> **Source records**
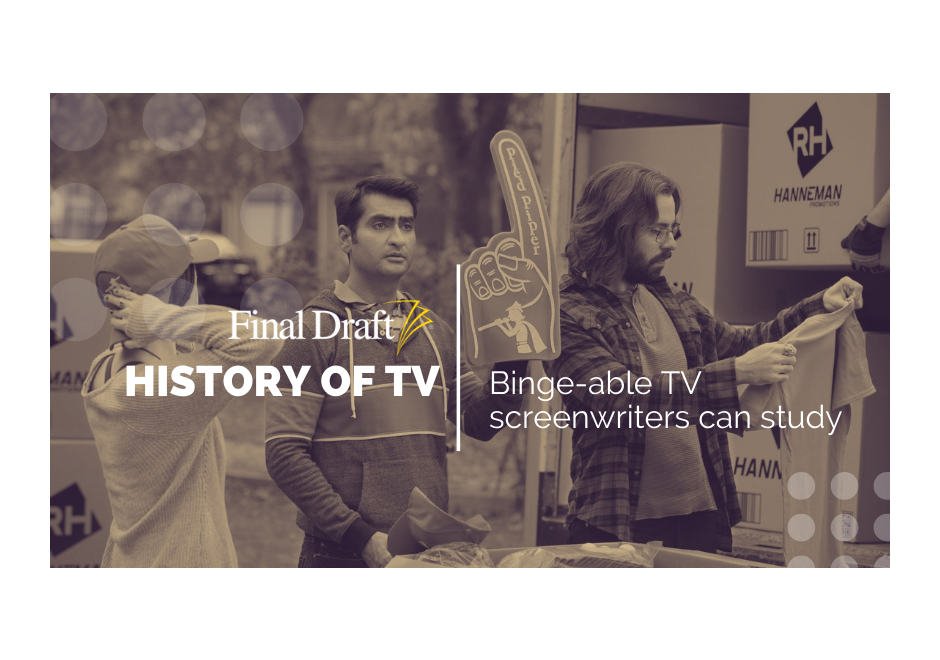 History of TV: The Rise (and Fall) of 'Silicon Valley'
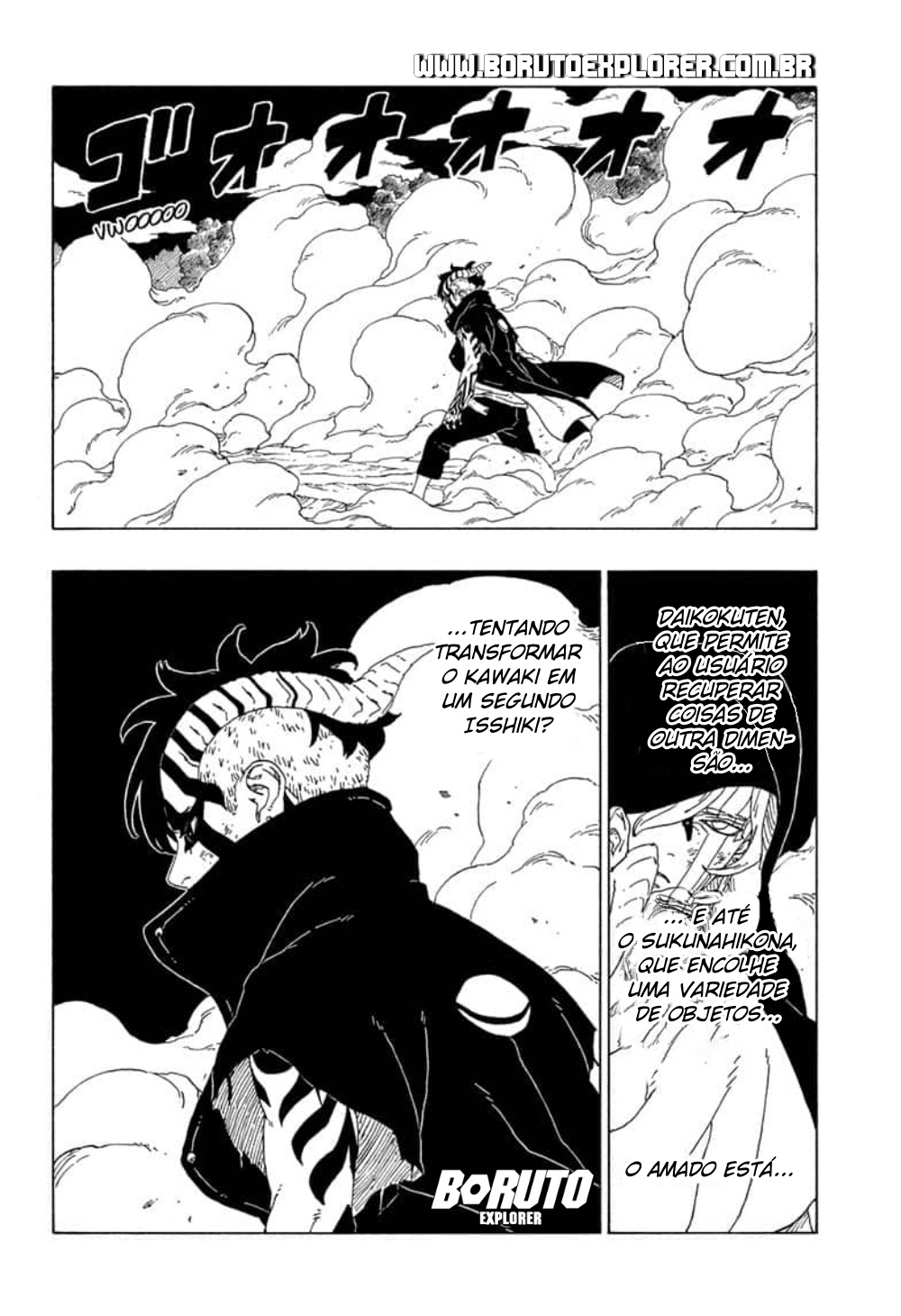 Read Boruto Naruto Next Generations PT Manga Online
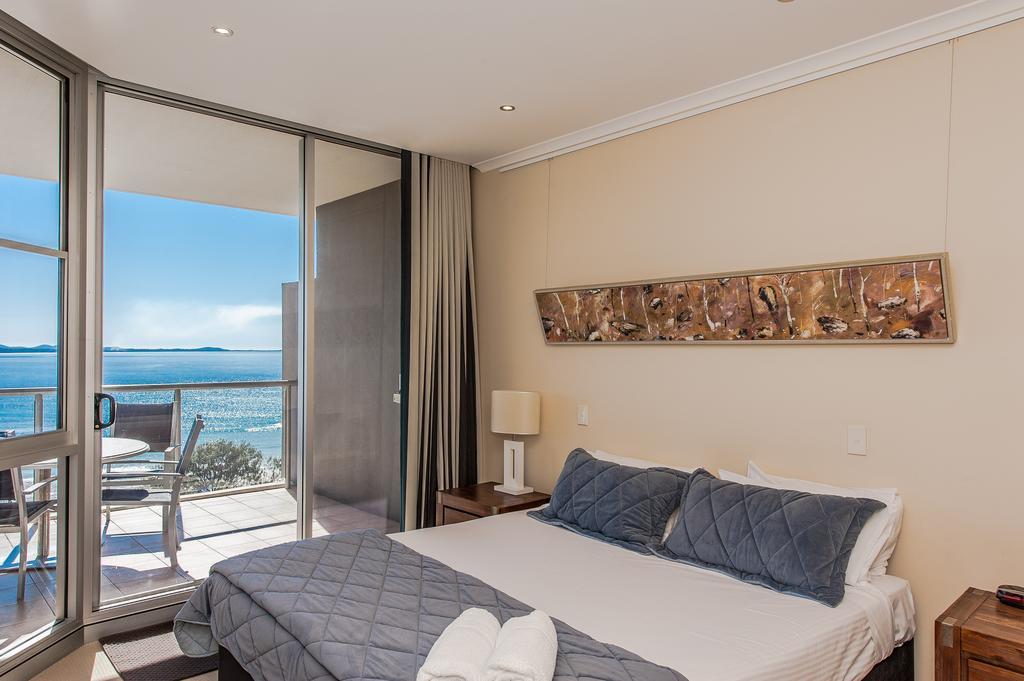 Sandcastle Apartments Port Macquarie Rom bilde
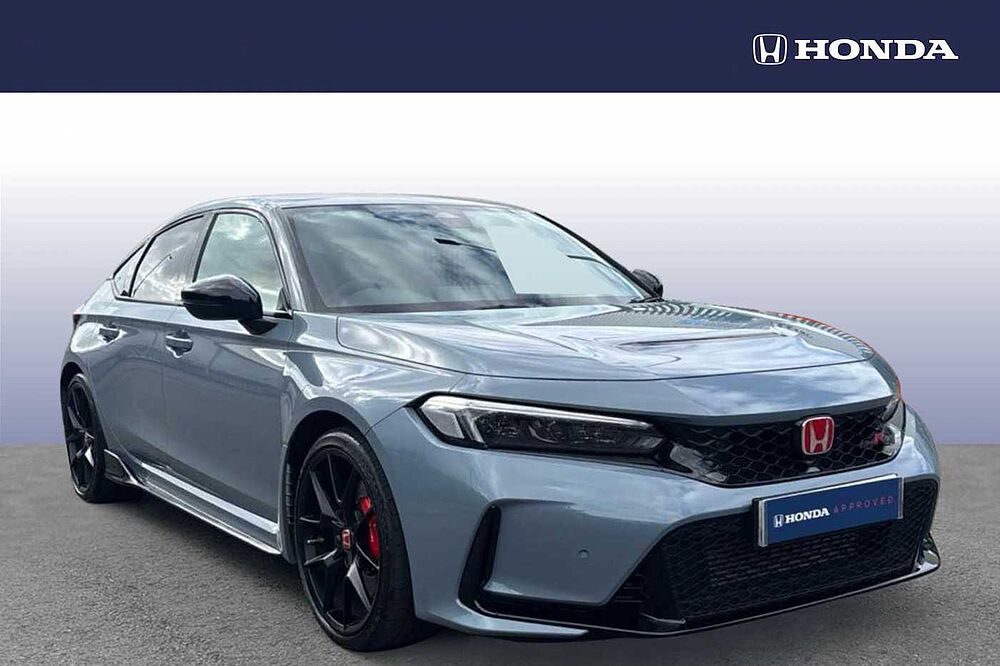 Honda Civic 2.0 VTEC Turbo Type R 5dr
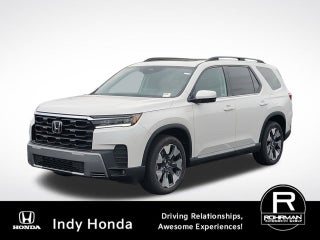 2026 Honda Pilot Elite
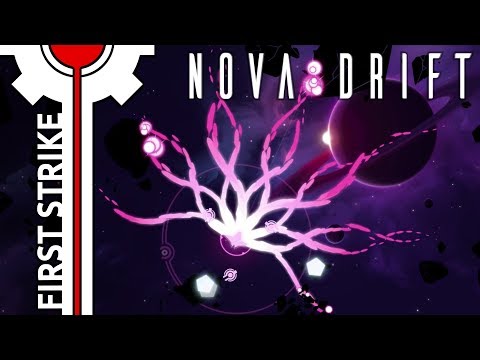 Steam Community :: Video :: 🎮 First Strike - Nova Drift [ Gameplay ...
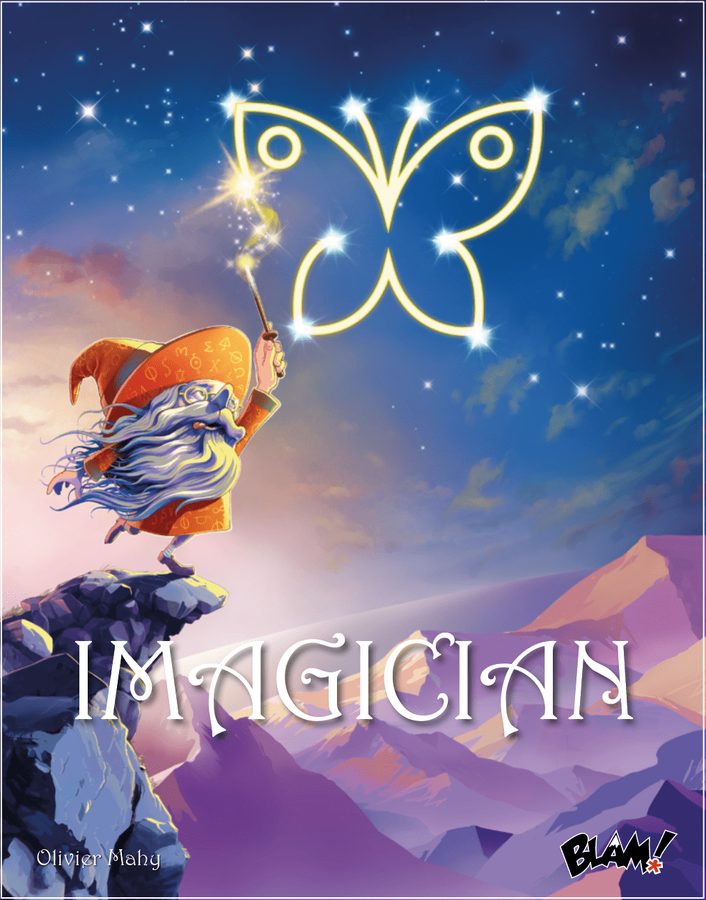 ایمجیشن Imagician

--

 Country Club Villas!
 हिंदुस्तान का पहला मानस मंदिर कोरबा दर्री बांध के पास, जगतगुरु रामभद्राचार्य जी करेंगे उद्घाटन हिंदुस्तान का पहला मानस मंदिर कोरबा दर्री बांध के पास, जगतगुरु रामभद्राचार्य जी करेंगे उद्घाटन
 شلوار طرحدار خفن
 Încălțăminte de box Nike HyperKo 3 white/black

...

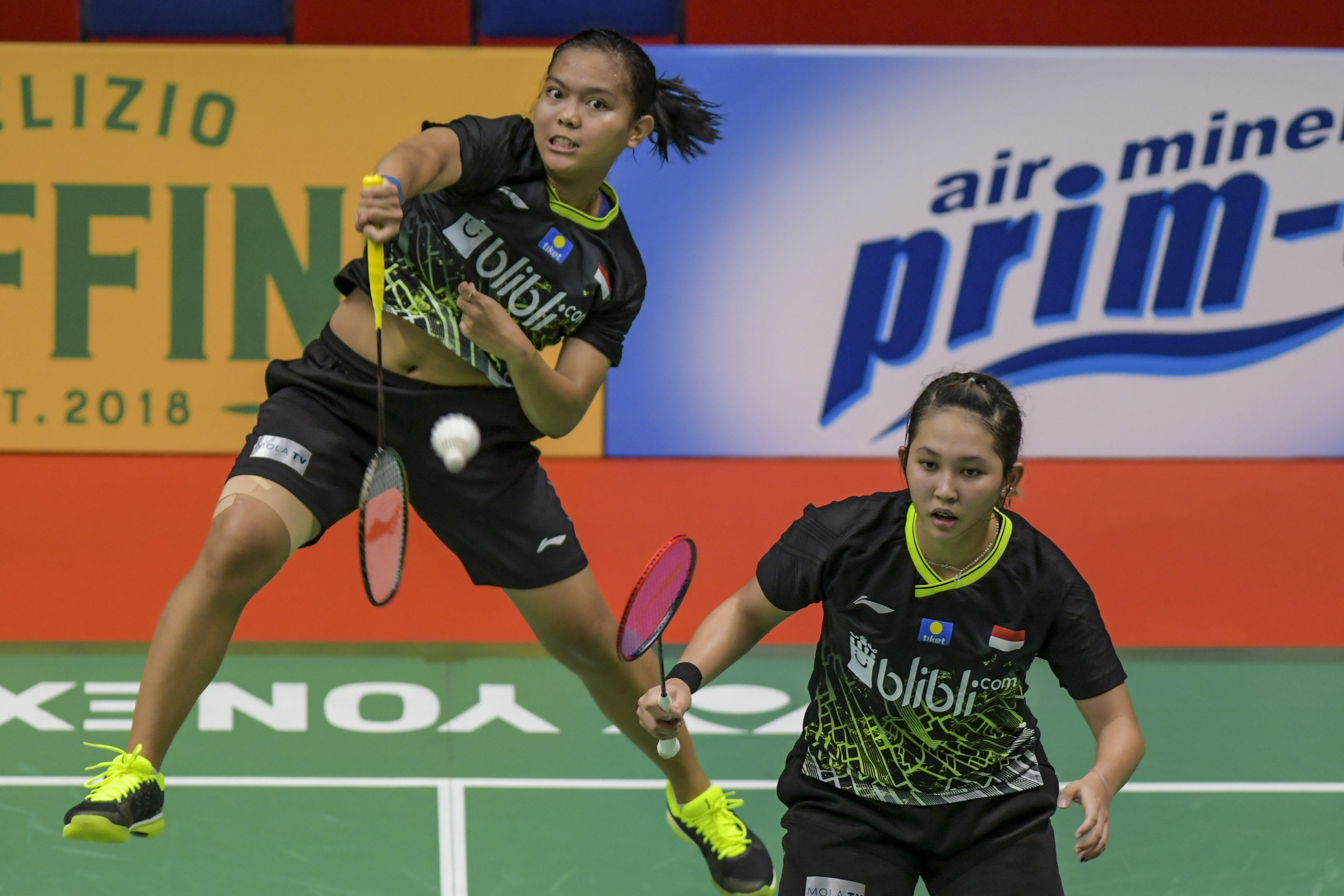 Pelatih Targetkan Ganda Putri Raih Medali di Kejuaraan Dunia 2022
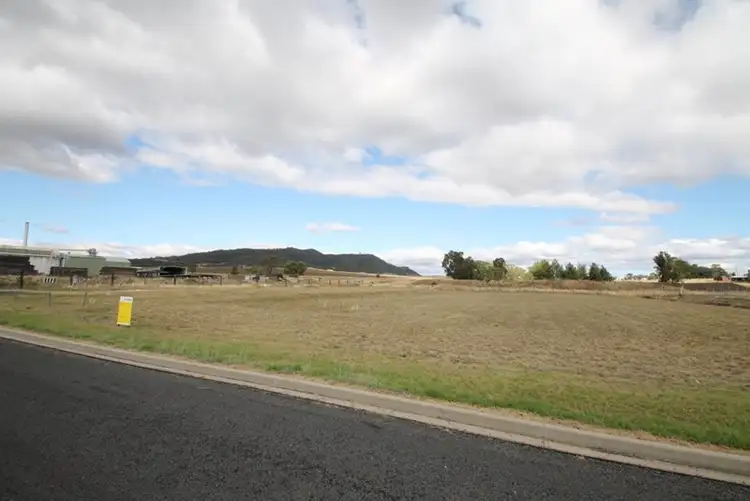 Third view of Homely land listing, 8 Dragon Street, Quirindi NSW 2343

> **Task description**
Of the records above, print only the lines from the one containing "History of TV: The" through the one containing "ایمجیشن Imagician", inclusive and unaltered, leaving out pictures.

> **Response**
 History of TV: The Rise (and Fall) of 'Silicon Valley'
 Read Boruto Naruto Next Generations PT Manga Online
 Sandcastle Apartments Port Macquarie Rom bilde
 Honda Civic 2.0 VTEC Turbo Type R 5dr
 2026 Honda Pilot Elite
 Steam Community :: Video :: 🎮 First Strike - Nova Drift [ Gameplay ...
 ایمجیشن Imagician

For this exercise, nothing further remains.